All the lines below need to be transcribed exactly. Pictures get left out.

GIVEN DATA:
++++++++++++++++++++
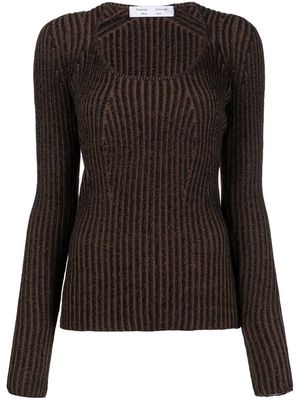 Proenza Schouler White Label round-neck ribbed-knit jumper - Brown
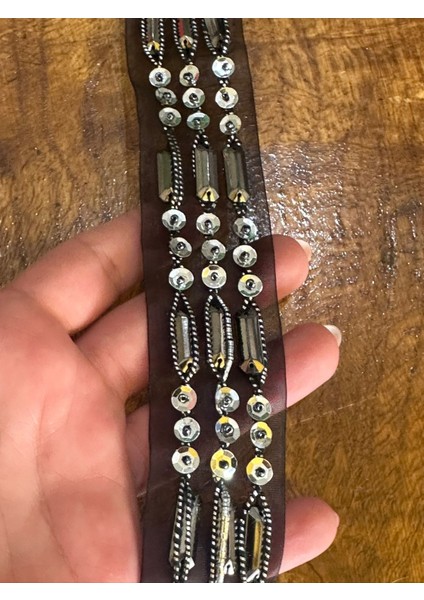 150X4 cm Taş ve Boncuk Işleme Dekoratif Şerit Dikiş Aksesuarı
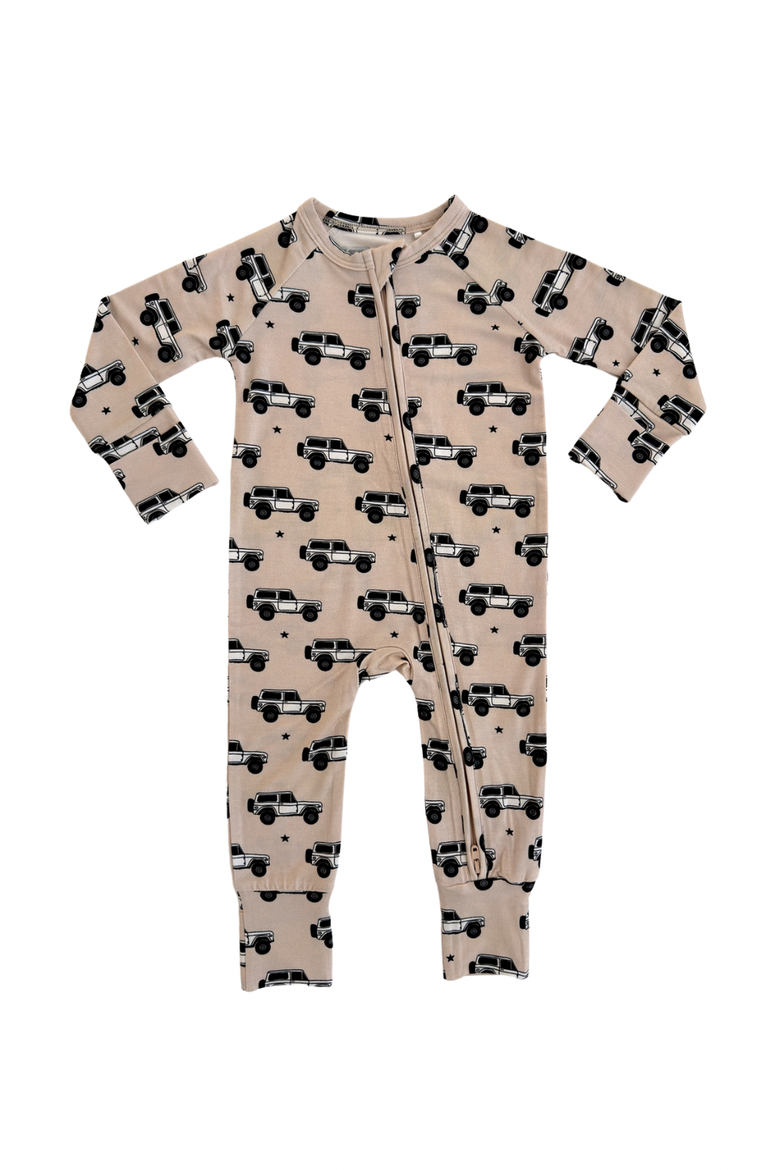 Vintage 4x4 Zipper Romper, Main, color, Beige / Black Cars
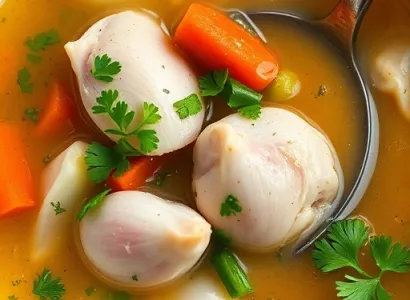 Potage de poulet à l'ail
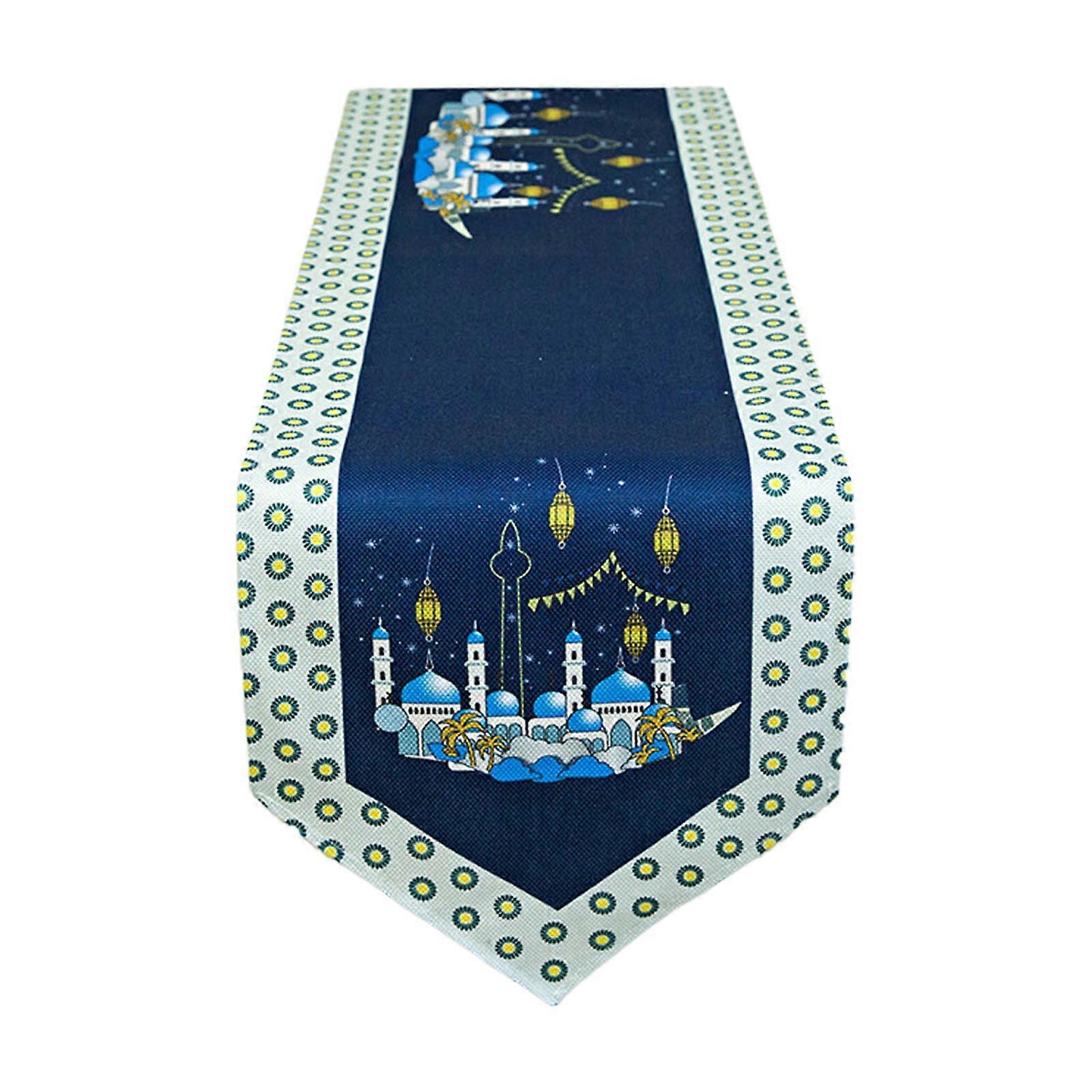 Eid Table Runner Moon Star Castle Pattern Design Table Cloth Ramadan Decor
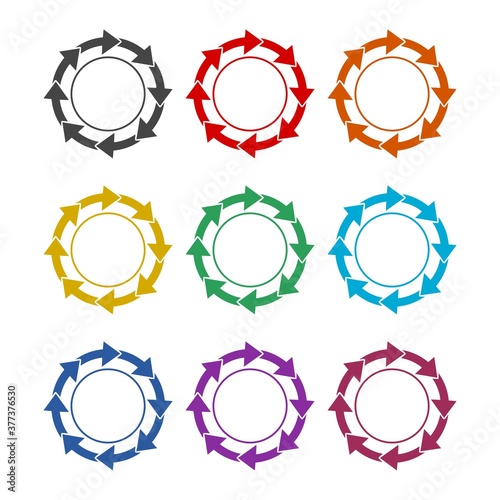 Rotating arrows circle icon, color set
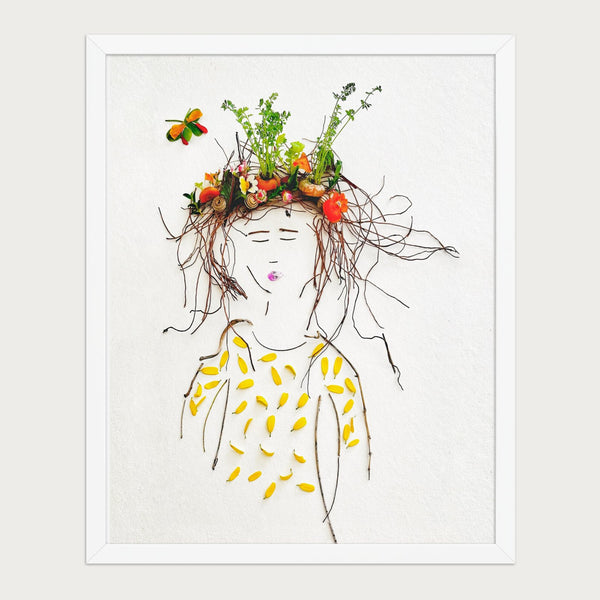Garden Crown Lady feminine floral portrait framed - front view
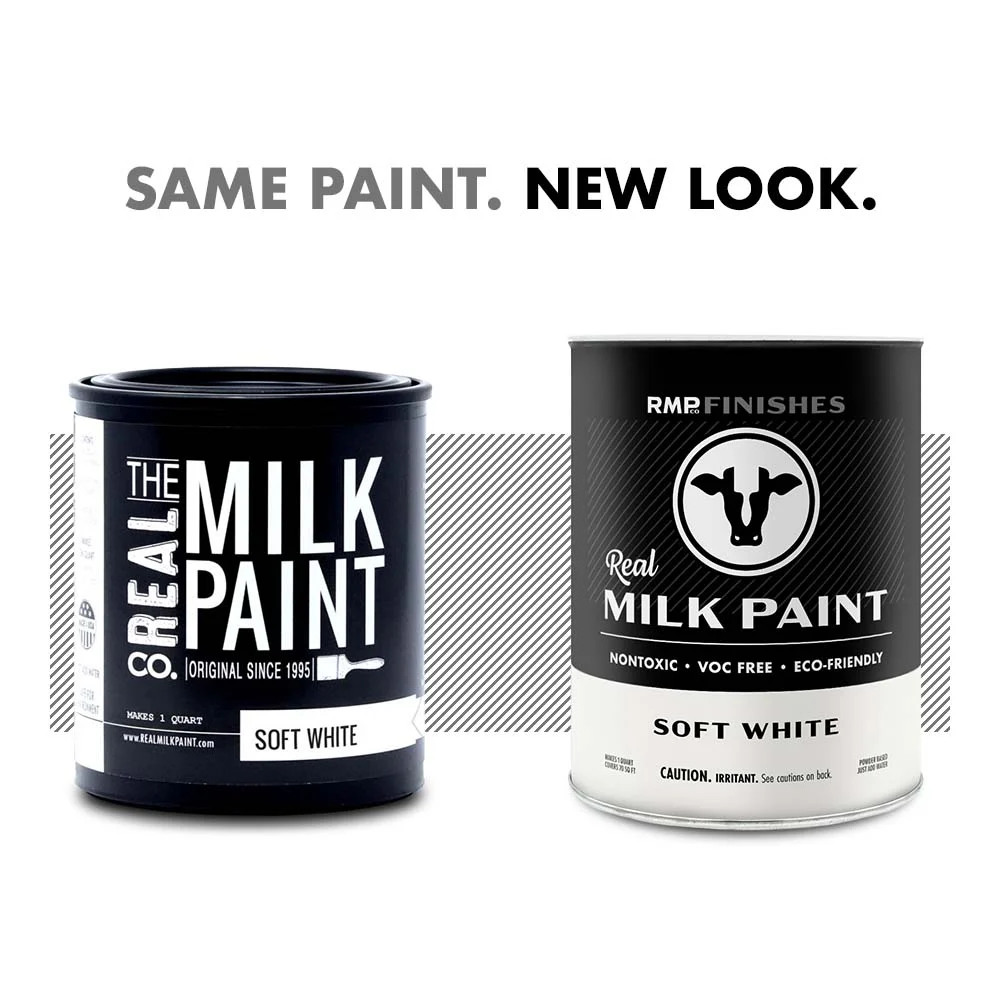 Milk paint by RMP Finishes: The new look for Real Milk Paint Co Soft White milk paint. Same milk paint formula, new packaging design.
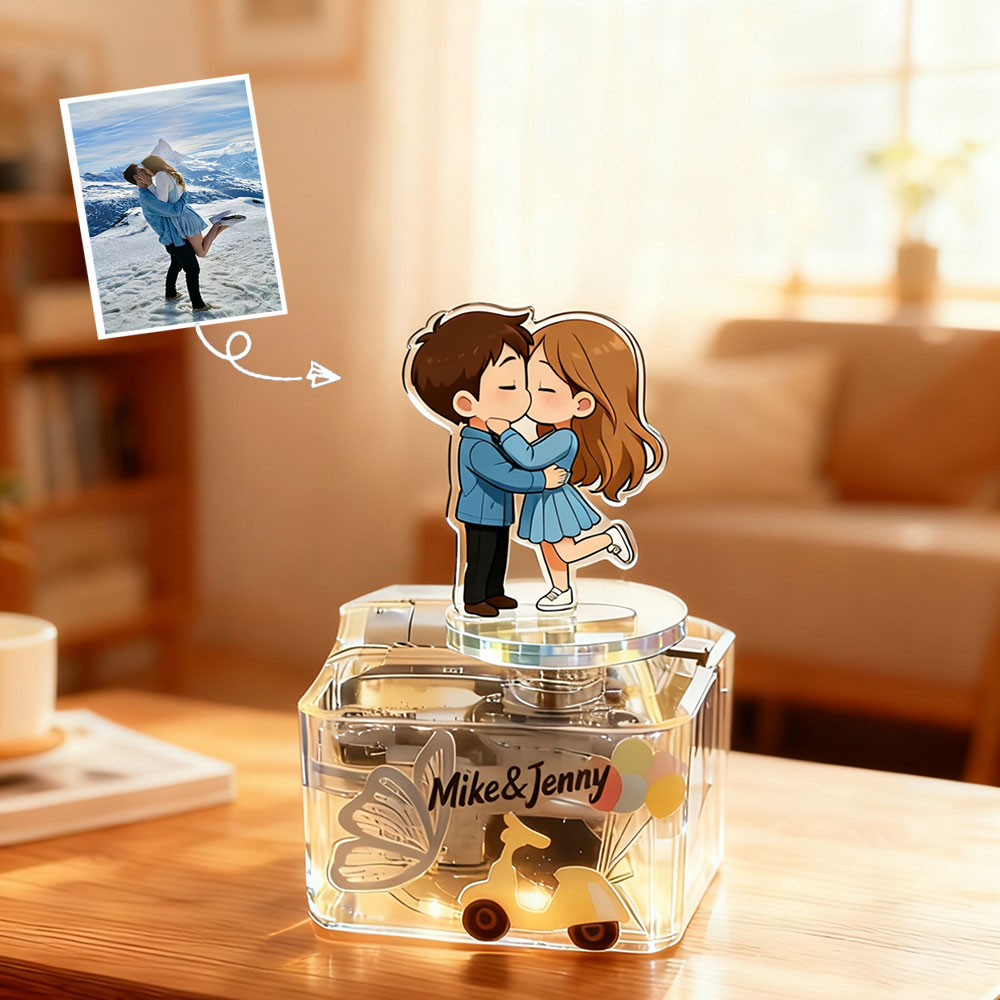 Custom Photo Music Box Figurine Personalized Cartoon Portrait Ornament Unique Gift for Couples, Family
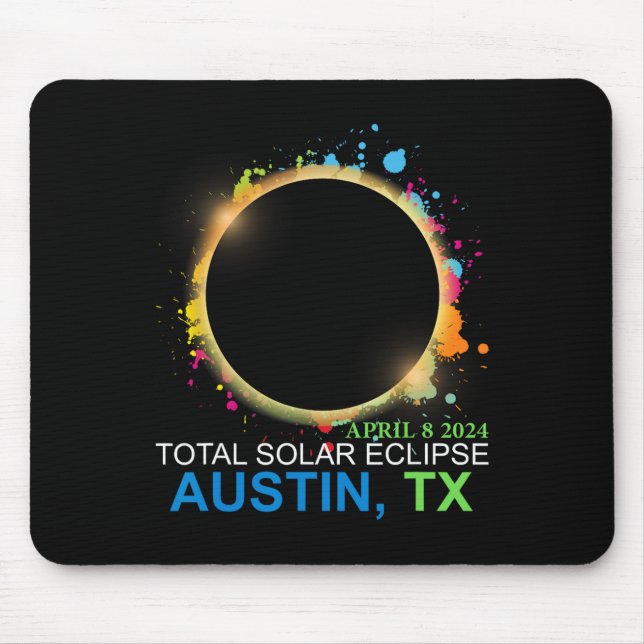 Solar Eclipse 2024 Austin Texas Colourful Totality Mouse Mat (Front)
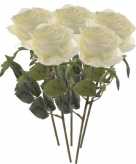 Witte roosjes kunst tak 45 cm 5 stuks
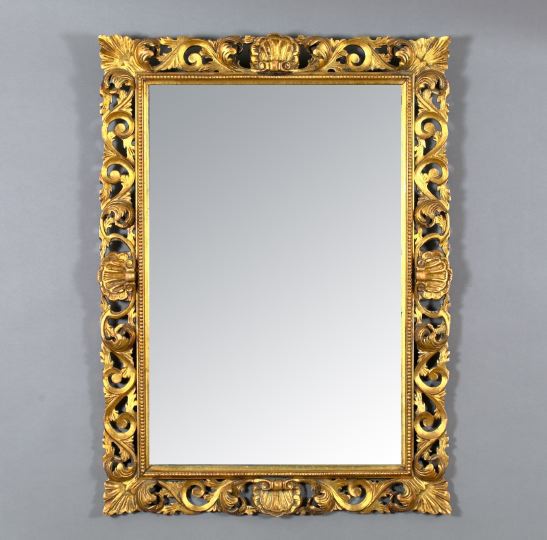 Appraisal: Florentine Vertical Oblong and Antique-Gilded Wood Looking Glass in the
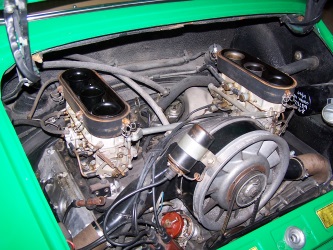 Engine of Green MG TC after carburettor servicing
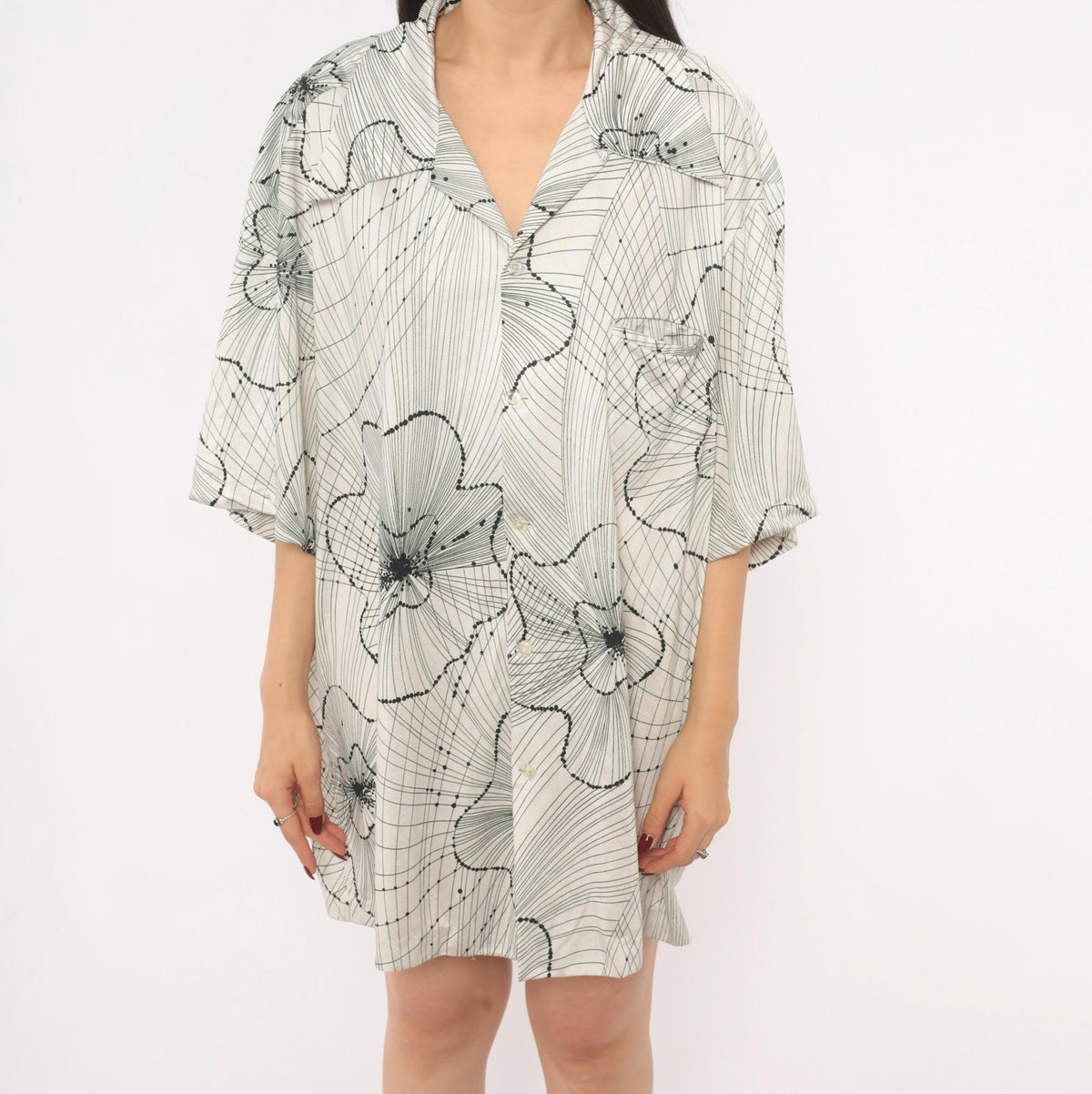 70s Kramers Honolulu Hawaiian Shirt Black Floral Line Art White Plus Size XXL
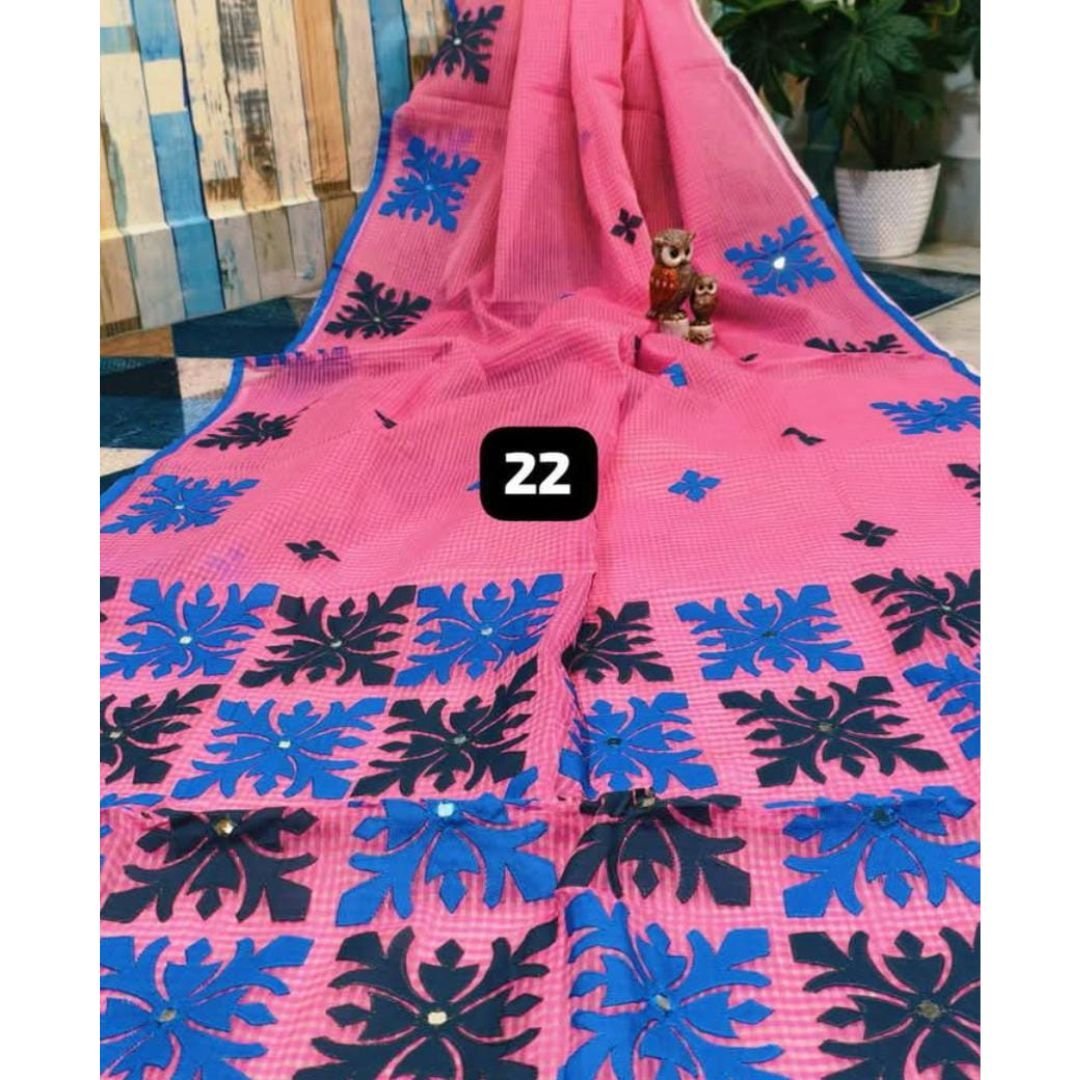 Baby pink Handloom Applique Work Saree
++++++++++++++++++++
THE ANSWER:
 Proenza Schouler White Label round-neck ribbed-knit jumper - Brown
 150X4 cm Taş ve Boncuk Işleme Dekoratif Şerit Dikiş Aksesuarı
 Vintage 4x4 Zipper Romper, Main, color, Beige / Black Cars
 Potage de poulet à l'ail
 Eid Table Runner Moon Star Castle Pattern Design Table Cloth Ramadan Decor
 Rotating arrows circle icon, color set
Garden Crown Lady feminine floral portrait framed - front view
 Milk paint by RMP Finishes: The new look for Real Milk Paint Co Soft White milk paint. Same milk paint formula, new packaging design.
 Custom Photo Music Box Figurine Personalized Cartoon Portrait Ornament Unique Gift for Couples, Family
 Solar Eclipse 2024 Austin Texas Colourful Totality Mouse Mat (Front)
 Witte roosjes kunst tak 45 cm 5 stuks
 Appraisal: Florentine Vertical Oblong and Antique-Gilded Wood Looking Glass in the
 Engine of Green MG TC after carburettor servicing
 70s Kramers Honolulu Hawaiian Shirt Black Floral Line Art White Plus Size XXL
 Baby pink Handloom Applique Work Saree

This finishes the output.